Jack’s story (part 2)

After spending two days touring Pyongyang Jack and his friends were looking forward to the next phase of their short trip, which they were told would involve being taken outside the city and after passing through a number of villages, would eventually arrive at The Demilitarised Zone (DMZ). Not many people get to do this, and for some time in the past it was completely off limits to the small number of tourists who visit the country annually.

From what his guides had mentioned Jack got the distinct feeling that this was going to be a propaganda laced trip. He was already aware of the vitriol that many North Korean officials use against the US at every opportunity, and how the citizens of North Korea are schooled in the historical aspect of the 1950-1953 Korean war. All are imbued from a very young age that the invasion was perpetrated by the South Koreans and that the United States was its architect, wanting to destroy its system and enslave its people.

The previous evening before the day they were due to head off into the country was very convivial, their guides exchange jokes, were very interested in life in the UK, but firmly believed that the US exercised far too much influence over the British people. Miss Choe and her cameraman Mr Jo abstained from the copious amount of drinks that were flowing in the hotel bar that evening. Jack with his two friends and many members of the accompanying party enjoyed the local Korean Soju; a pleasant alcoholic beverage produced generally from rice, but some distillers replace this with either potatoes or barley. One of Jacks friends had drunk the liquor before at a Korean restaurant in London, but Mr Lee, who had initially remained sober throughout most of the evening, finally succumbed to Jacks continued insistence of joining in. He managed to ply Mr Lee to the point of serious intoxication, although in his quest had become rather inebriated himself. Eventually it was all brought to an abrupt halt by a rather stern looking Miss Choe. After first (rather proudly) pointing out to Jack that North Korean Soju has generally of a much higher alcoholic content that the South Korean version, the piano lid was unceremoniously slammed shut and hotel staff were suddenly scurrying around removing all the unfinished bottles of Soju and quickly removing the entire detritus of the evenings heavy drinking session.
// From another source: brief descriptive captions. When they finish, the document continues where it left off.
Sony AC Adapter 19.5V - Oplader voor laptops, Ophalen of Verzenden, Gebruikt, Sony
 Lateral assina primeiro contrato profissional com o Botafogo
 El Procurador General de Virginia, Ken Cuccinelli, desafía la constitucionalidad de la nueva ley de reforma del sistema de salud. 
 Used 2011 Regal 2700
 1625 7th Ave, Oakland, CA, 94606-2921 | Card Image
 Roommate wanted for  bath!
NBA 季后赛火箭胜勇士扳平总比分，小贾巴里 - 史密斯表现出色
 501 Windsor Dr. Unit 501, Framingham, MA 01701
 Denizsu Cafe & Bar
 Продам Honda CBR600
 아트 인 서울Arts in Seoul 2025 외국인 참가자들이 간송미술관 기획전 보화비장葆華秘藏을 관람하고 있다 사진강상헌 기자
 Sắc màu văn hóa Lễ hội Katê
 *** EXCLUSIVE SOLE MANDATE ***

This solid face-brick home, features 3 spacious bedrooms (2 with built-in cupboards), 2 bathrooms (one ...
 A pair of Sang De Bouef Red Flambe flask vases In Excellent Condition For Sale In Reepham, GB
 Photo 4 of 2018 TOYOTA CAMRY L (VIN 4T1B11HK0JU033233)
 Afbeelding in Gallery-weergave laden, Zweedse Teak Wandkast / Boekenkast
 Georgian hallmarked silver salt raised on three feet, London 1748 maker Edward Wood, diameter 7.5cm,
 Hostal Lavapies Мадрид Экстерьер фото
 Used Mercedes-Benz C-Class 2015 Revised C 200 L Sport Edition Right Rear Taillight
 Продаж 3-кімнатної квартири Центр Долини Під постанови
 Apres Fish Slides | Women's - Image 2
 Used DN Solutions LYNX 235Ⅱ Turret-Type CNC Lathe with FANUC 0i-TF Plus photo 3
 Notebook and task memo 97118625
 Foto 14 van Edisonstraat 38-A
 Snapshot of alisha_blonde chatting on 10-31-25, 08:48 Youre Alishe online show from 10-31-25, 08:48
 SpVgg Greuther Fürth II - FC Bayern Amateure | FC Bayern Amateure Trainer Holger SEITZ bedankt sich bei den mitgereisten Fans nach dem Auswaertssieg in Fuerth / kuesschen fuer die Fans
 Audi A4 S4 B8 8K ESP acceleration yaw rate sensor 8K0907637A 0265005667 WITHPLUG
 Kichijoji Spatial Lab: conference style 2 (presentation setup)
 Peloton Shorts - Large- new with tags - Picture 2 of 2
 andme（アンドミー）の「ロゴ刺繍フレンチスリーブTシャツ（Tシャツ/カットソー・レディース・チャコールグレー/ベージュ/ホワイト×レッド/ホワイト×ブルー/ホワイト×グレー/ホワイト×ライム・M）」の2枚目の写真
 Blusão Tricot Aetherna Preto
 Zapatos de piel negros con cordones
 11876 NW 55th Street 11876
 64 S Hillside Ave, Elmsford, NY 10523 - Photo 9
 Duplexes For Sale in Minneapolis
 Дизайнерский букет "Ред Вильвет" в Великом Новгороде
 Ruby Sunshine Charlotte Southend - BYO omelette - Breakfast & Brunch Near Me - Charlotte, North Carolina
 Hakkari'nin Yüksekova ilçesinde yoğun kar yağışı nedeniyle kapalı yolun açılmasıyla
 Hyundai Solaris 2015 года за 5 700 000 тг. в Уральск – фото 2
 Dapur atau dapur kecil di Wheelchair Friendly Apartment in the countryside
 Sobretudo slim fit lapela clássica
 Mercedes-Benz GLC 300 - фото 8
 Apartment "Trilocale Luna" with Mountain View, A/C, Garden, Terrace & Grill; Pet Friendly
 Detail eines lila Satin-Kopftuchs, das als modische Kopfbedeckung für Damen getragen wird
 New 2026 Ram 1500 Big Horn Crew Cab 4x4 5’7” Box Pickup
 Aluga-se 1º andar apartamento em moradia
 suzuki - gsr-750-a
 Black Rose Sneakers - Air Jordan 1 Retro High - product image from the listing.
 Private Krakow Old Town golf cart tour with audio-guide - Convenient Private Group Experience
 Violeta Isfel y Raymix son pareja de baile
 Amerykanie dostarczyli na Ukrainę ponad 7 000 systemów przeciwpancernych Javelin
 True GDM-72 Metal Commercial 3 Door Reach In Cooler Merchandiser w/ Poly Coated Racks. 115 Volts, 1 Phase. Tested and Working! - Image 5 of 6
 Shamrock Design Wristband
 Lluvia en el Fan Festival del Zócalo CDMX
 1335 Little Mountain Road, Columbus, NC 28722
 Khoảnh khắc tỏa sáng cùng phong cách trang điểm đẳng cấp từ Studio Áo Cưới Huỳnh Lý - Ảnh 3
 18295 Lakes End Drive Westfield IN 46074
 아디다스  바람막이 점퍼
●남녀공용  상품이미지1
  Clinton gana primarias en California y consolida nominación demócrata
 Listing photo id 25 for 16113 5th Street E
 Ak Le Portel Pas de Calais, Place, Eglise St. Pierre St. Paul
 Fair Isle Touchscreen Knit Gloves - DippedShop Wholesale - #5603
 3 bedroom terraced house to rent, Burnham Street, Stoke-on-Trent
The following morning was a rather quiet affair. Jack and his two buddies sat at one of the central tables all with a general hung-over appearance, their heads drooped having adopted sloth like movements to pick rather forlornly at their breakfast. One of Jacks friends, with plenty of alcohol still circulating through his system, began to feel rather nauseous upon facing the first meal of the day; eventually he decided to opt out and disappeared into the nearest bathroom.

A moment later Mr Lee entered the large breakfast room appearing to be none the worse for wear, confirming Jacks suspicion that he was a regular drinker but fought his urge to partake the previous evening, unfortunately his abstinence didn’t go to plan. Jack turned and beckoned him over to their table wishing to discuss and compare their various hung-over conditions when Miss Choe suddenly appeared in full stride with Mr Jo. She shouted to Mr Lee in Hangul pointing to a table in the far corner. Jack looked at his other friend and just smiled. Mr Lee was obviously going to be kept on a tighter leash by the indomitable Miss Choe from now on.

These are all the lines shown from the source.